Fait amusant : « Sorry, you are the first one to experience this. » fait officiellement partie du Top 3 des phrases que j’ai le plus entendues en 2 jours de salon. Malgré ce petit glitch plus amusant que réellement embarrassant, je m’en vais avec une petite impatience d’en savoir plus sur ce jeu qui, ma foi, m’enthousiasme pas mal.
Dernière étape, mais pas la moindre : Devolver Digital. Vous les connaissez forcément puisqu’il s’agit des éditeurs d’Hotline Miami. Les mecs font donc dans l’indé. Et toujours dans l’optique de ne jamais rien faire comme personne, ils décident, chaque année, de s’installer non pas à l’E3, mais sur un parking EN FACE de l’E3, dans des caravanes climatisées. L’avantage, c’est qu’on voit la lumière du jour et qu’on s’y fait offrir des burgers cuisinés devant vous. Le trucs-gratuits-o-mètre s’emballe complètement.
On me fait enchaîner les jeux indés et les burgers pour qu’à un moment donné je ne puisse plus dire non à une présentation.
« – Hey Coco, tu viens ? Je te montre la suite d’un jeu de drague dans lequel tu incarnes une fille qui doit essayer de pécho un pigeon !
– Mais graaaaave ! Balance !
– Yeah ! Vas-y après on va se rechercher un burger. »
Outre le jeu de pigeons, Hatoful Boyfriend : Holiday Star, qui est donc une suite de ce sim-date avec beaucoup de textes et beaucoup de second degré, j’ai pu aller voir, dans le désordre, Eitr, une sorte de Dark Souls en 2D avec des mécaniques inspirées de Diablo. Il a de très bonnes idées et mérite d’être un peu plus fini pour qu’on en parle davantage. Mother Russia Bleeds, un beat them all façon Streets of Rage avec une DA extrêmement inspirée d’Hotline Miami. Shadow Warriors 2 qui est, grosso modo, un Duke Nukem sauce japonaise. Le jeu intégrera un mode co-op ainsi qu’une génération procédurale des niveaux.
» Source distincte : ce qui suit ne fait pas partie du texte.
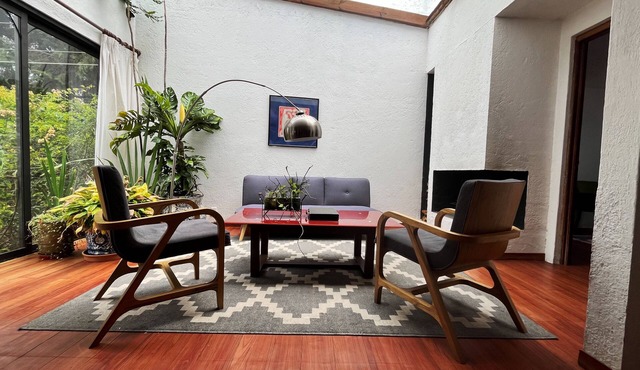 Experience Tranquility in a Forest Getaway: Cozy Vacation Apartment Availablenn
Et enfin, Crossing Souls, le plus marquant des cinq selon moi, qui narre les aventures un peu glauques d’une bande d’enfants, façon dessin animé des années 90.
Il est tard, je quitte les gens délicieux de Devolver, j’ai mal au dos, j’ai mal aux pieds, il est tard, je me mets à lire les panneaux dans la rue comme si j’étais dans la bande-annonce d’un film américain, les gens me regardent bizarrement dans la rue.
À demain pour ce troisième jour qui n’aura aucun mal à m’achever.